(Saved data entries)
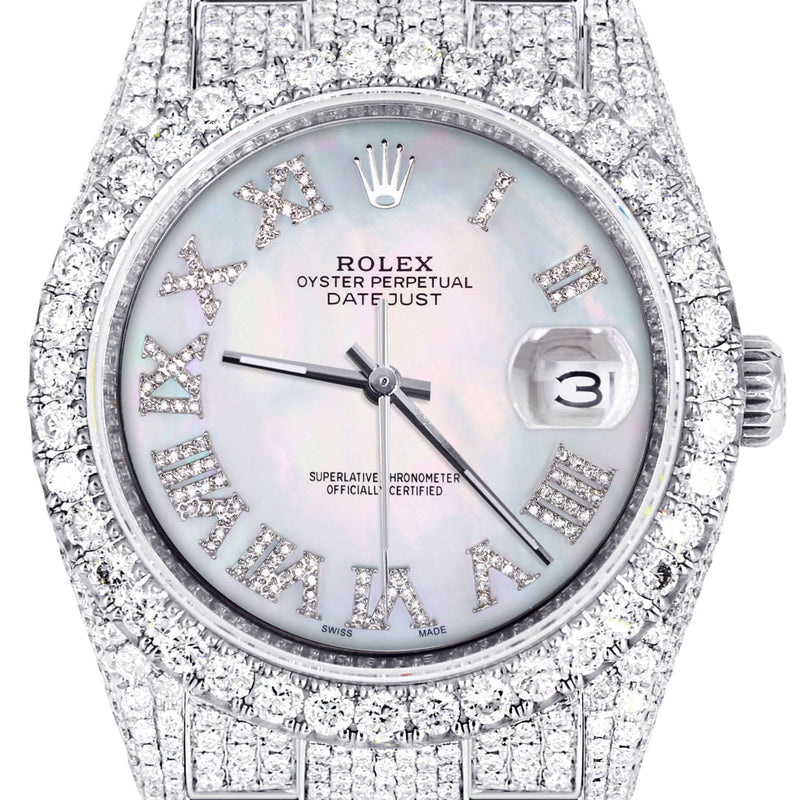 Iced Out Rolex Datejust 36 MM | Stainless Steel | 16.5 Carats of Diamonds | Mother of Pearl Roman Diamond Dial | Oyster Band | Model 116200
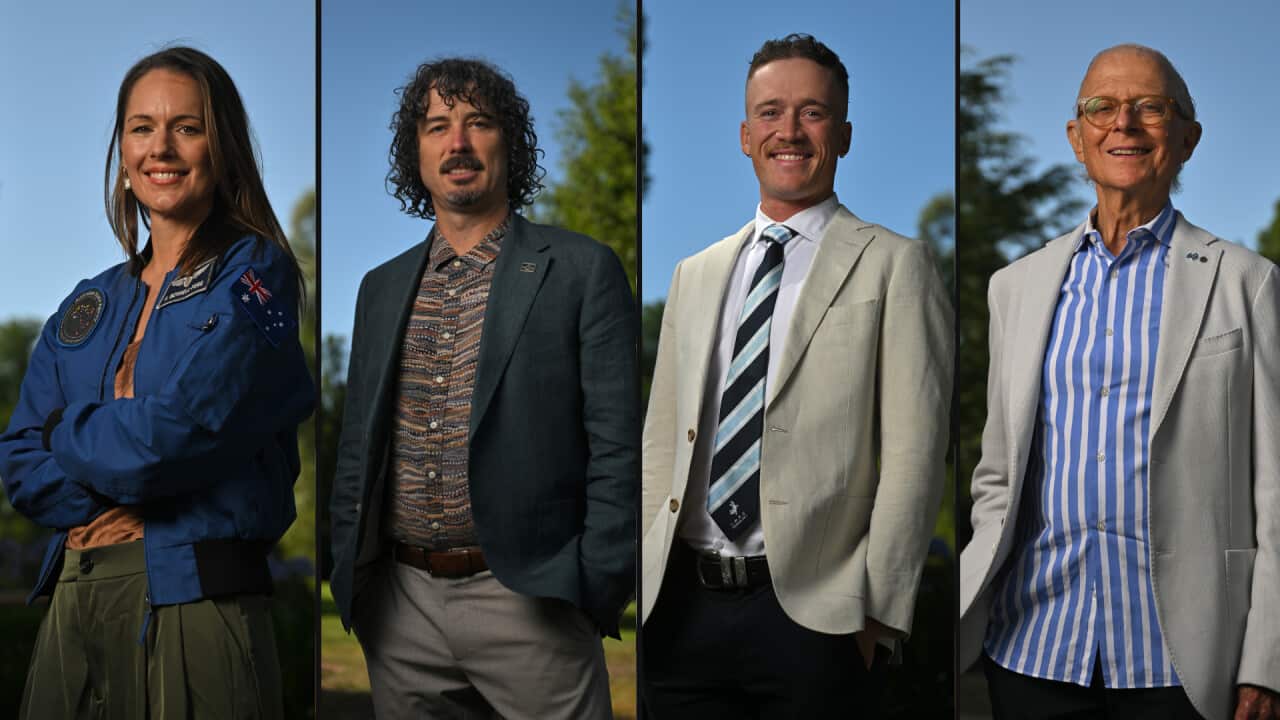 A composite image features portraits of four individuals — a woman in an astronaut flight suit and three men in semi-formal attire.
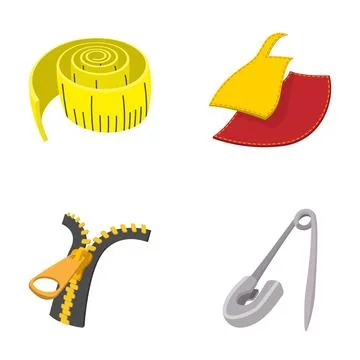 Set of tailoring and sewing tools icons Stock Illustration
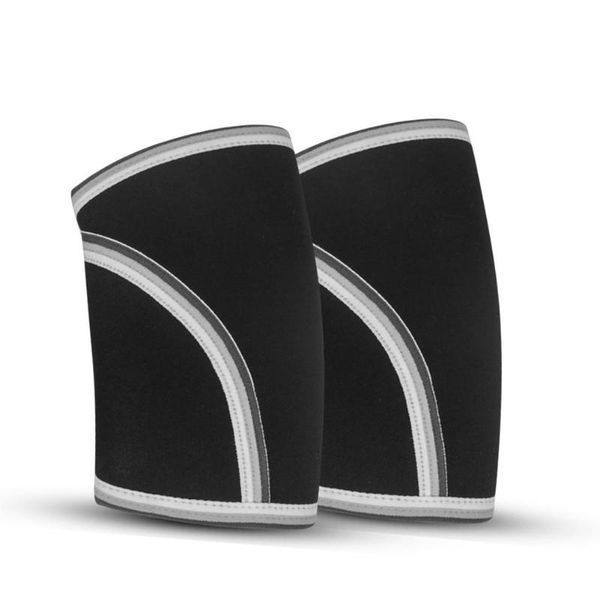 

elbow & knee pads 1 pair sleeves 7mm high performance sleeve support for weightlifting weight training powerlifting, Black;gray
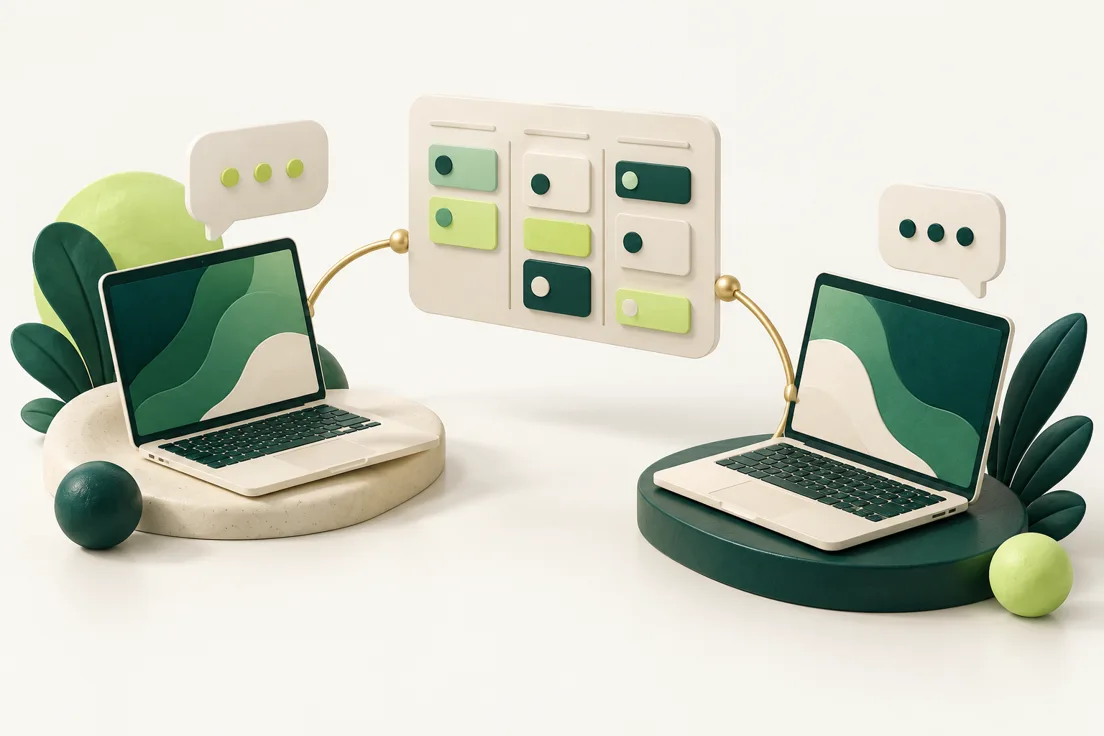 Concept illustration of connected laptops for remote collaboration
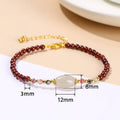 Handmade crystal agate bracelet with natural stone transfer beads in fruit and animal shapes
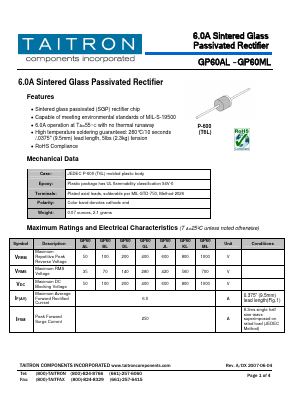 GP60AL Datasheet PDF TAITRON Components Incorporated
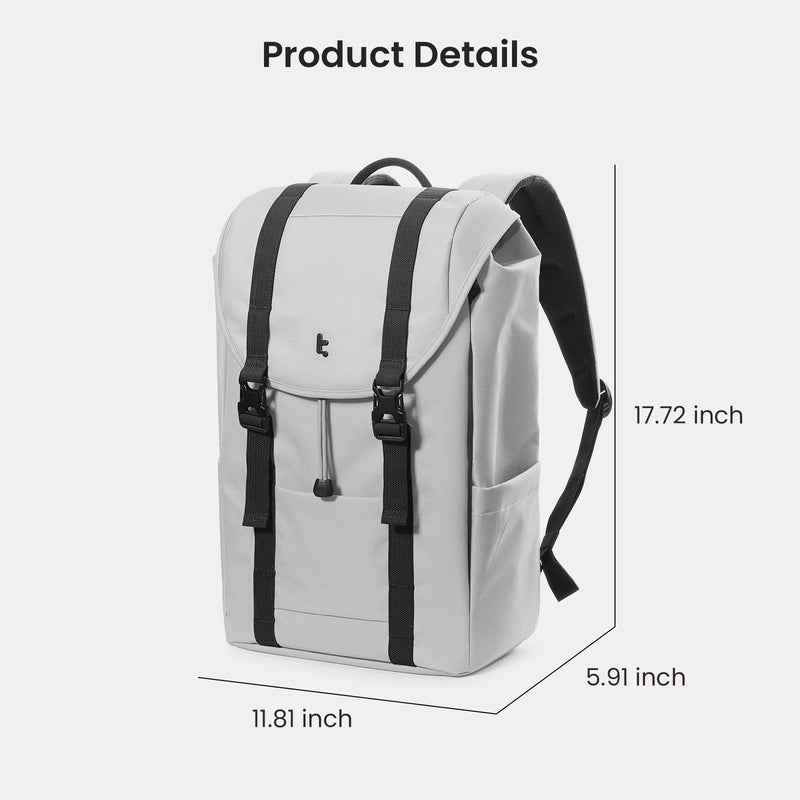 tomtoc Flap Laptop Backpack, Lightweight, Water - Resistant Casual Daypack, Durable Work - pack, Vintage Classic Rucksack for 13 - 15.6 Inch Laptop, perfect for Campus, Street, 22L Gray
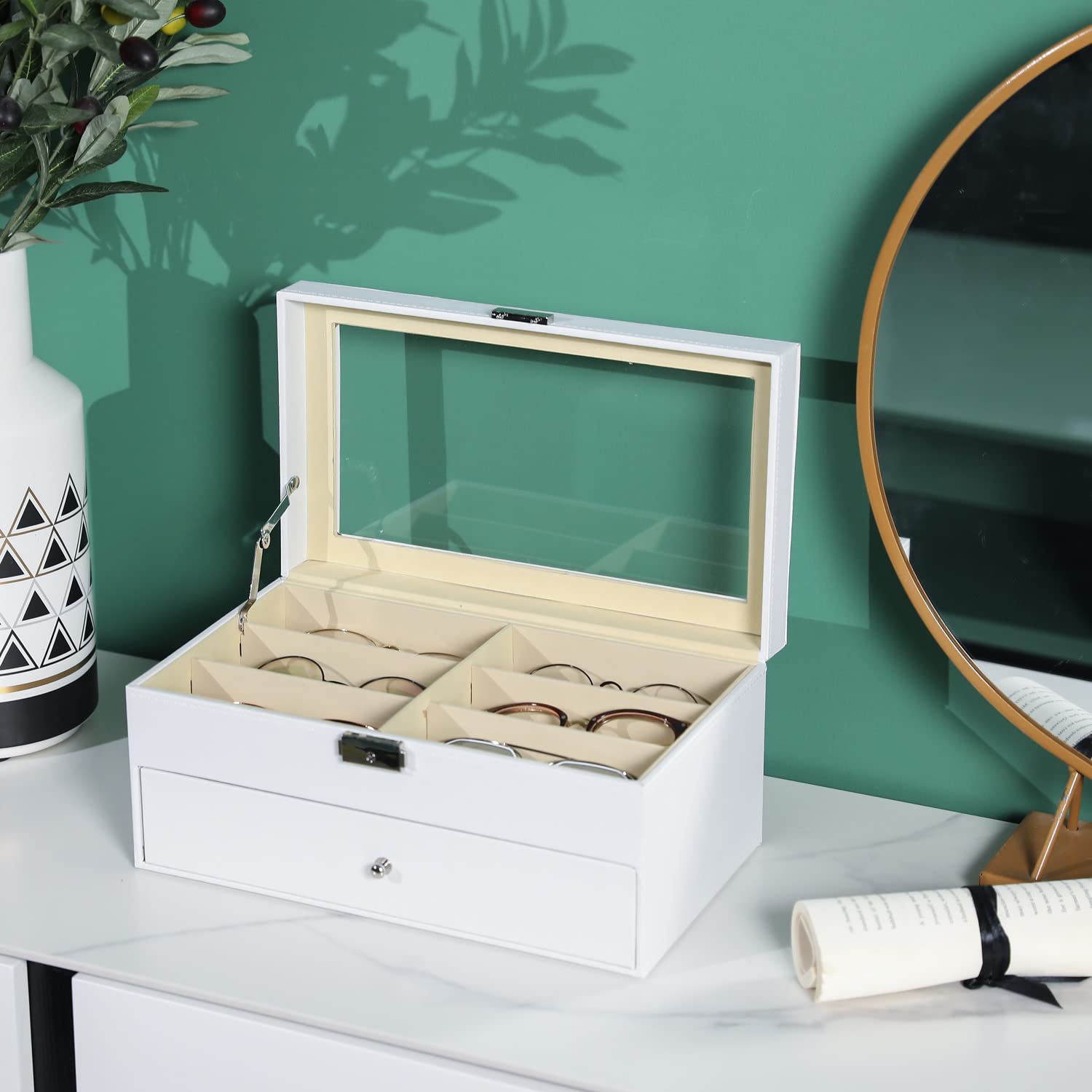 MyGift Deluxe White Wood Sunglasses Organizer, Eyewear Display Box, 2 Layer Storage Case with Glass Lid and Leatherette Trim, Holds up to 12 Pairs of Glasses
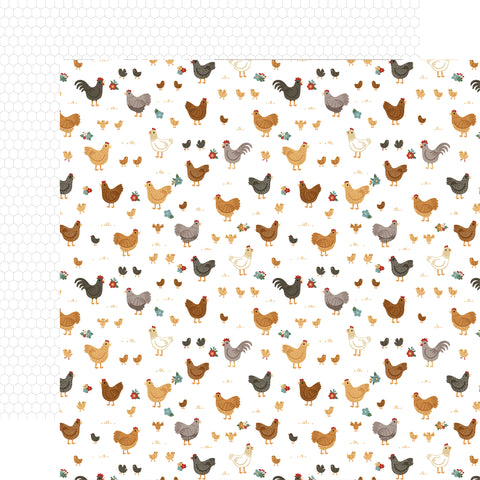 Echo Park - Chickens - 12x12 Single Sheets - Mama Hen And Chicks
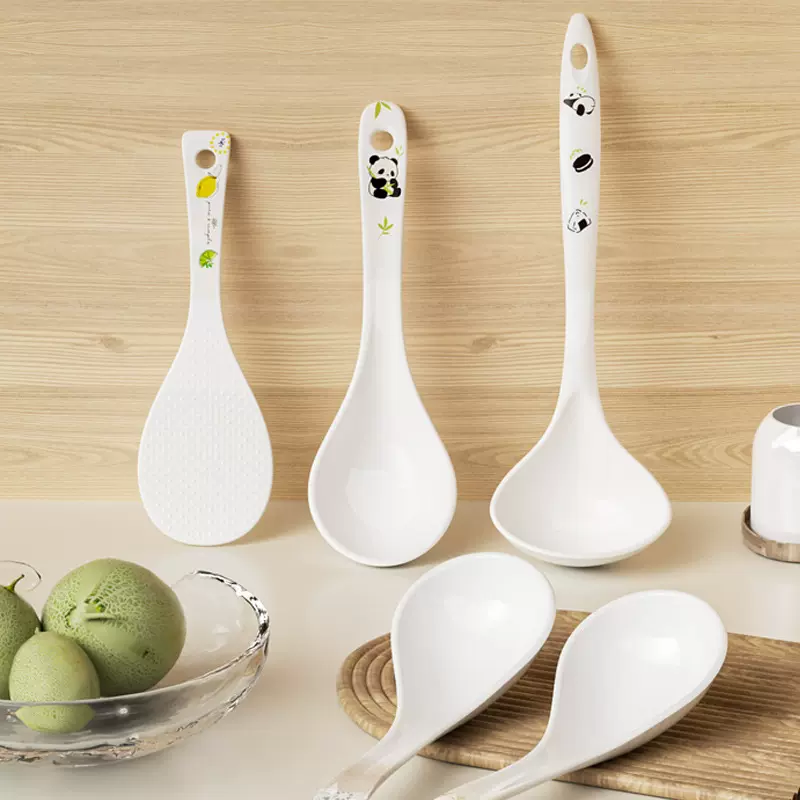 勺子套装可爱萌趣电饭煲饭勺高颜值木纹卡通勺家用汤勺密胺餐具勺
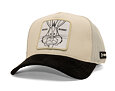 Kappe Capslab - Looney Tunes Trucker - Bugs Bunny Line Art Suede Visor - Off White / Black
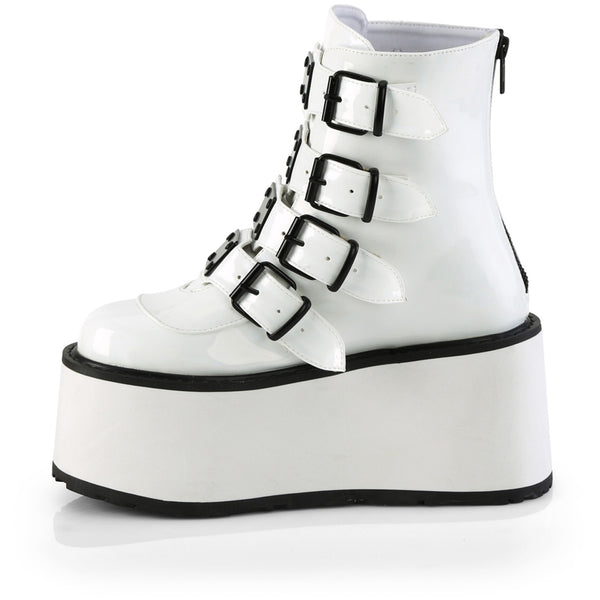 3 1/2" Pf Ankle Bootw/ 4 Buckle Straps, Back Metalzip Pleaser Demonia DAM105/WHG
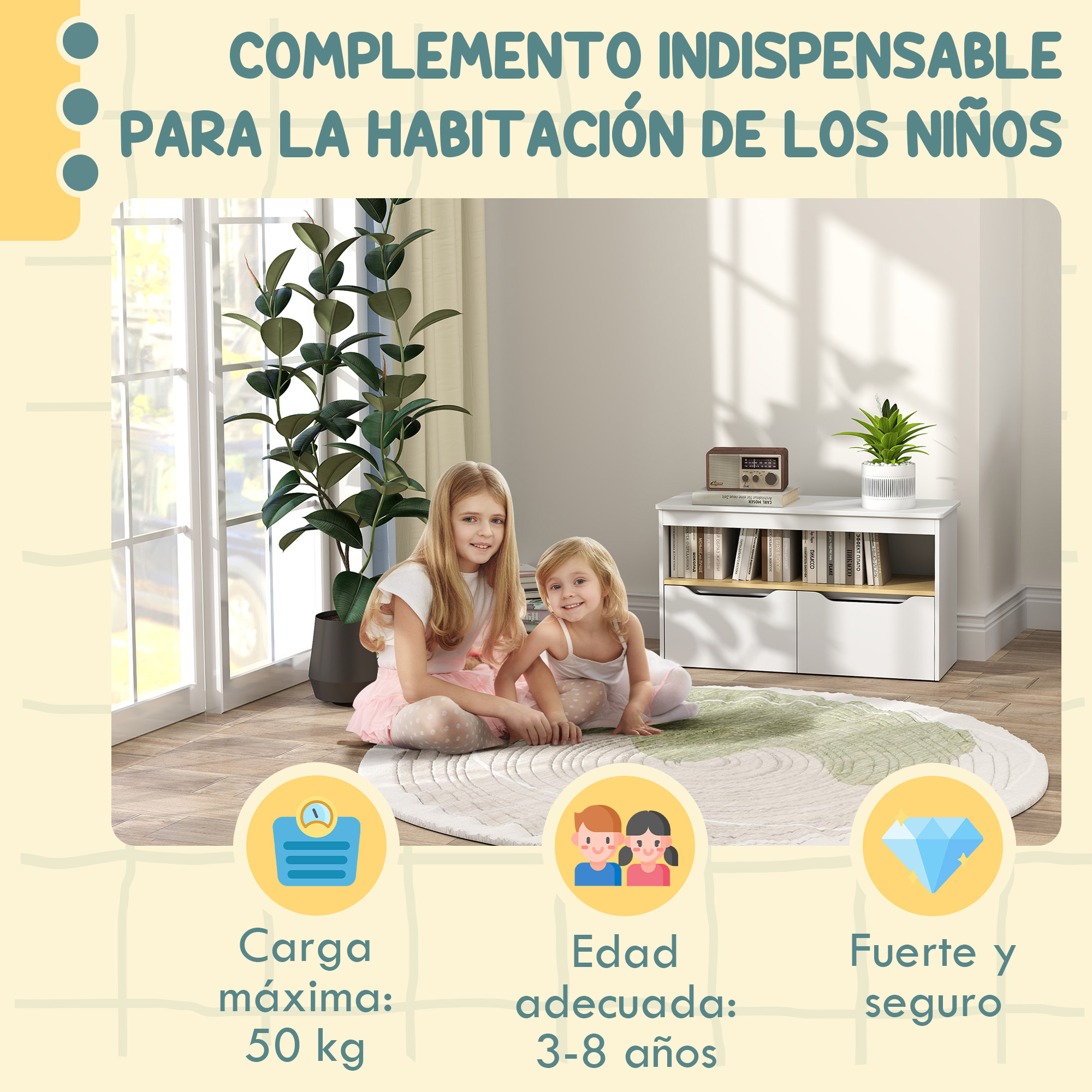 Dos niñas sentadas en alfombra frente a estantería con radio.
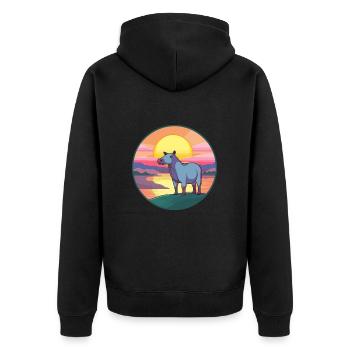 Tapir Aquarelle Colorée Dessin Animé Kawaii Animal - Veste à capuche bio Premium Unisexe - noir - Dos - Nico (187cm)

* _Exercise instructions_:
Repeat word for word, and nothing more, the lines between the line containing "Set of tailoring" and the last line of the records above, inclusive, without pictures.

* _Response for this exercise_:
 Set of tailoring and sewing tools icons Stock Illustration

elbow & knee pads 1 pair sleeves 7mm high performance sleeve support for weightlifting weight training powerlifting, Black;gray
 Concept illustration of connected laptops for remote collaboration
 Handmade crystal agate bracelet with natural stone transfer beads in fruit and animal shapes
 GP60AL Datasheet PDF TAITRON Components Incorporated
 tomtoc Flap Laptop Backpack, Lightweight, Water - Resistant Casual Daypack, Durable Work - pack, Vintage Classic Rucksack for 13 - 15.6 Inch Laptop, perfect for Campus, Street, 22L Gray
 MyGift Deluxe White Wood Sunglasses Organizer, Eyewear Display Box, 2 Layer Storage Case with Glass Lid and Leatherette Trim, Holds up to 12 Pairs of Glasses
 Echo Park - Chickens - 12x12 Single Sheets - Mama Hen And Chicks
 勺子套装可爱萌趣电饭煲饭勺高颜值木纹卡通勺家用汤勺密胺餐具勺
 Kappe Capslab - Looney Tunes Trucker - Bugs Bunny Line Art Suede Visor - Off White / Black
 3 1/2" Pf Ankle Bootw/ 4 Buckle Straps, Back Metalzip Pleaser Demonia DAM105/WHG
 Dos niñas sentadas en alfombra frente a estantería con radio.
 Tapir Aquarelle Colorée Dessin Animé Kawaii Animal - Veste à capuche bio Premium Unisexe - noir - Dos - Nico (187cm)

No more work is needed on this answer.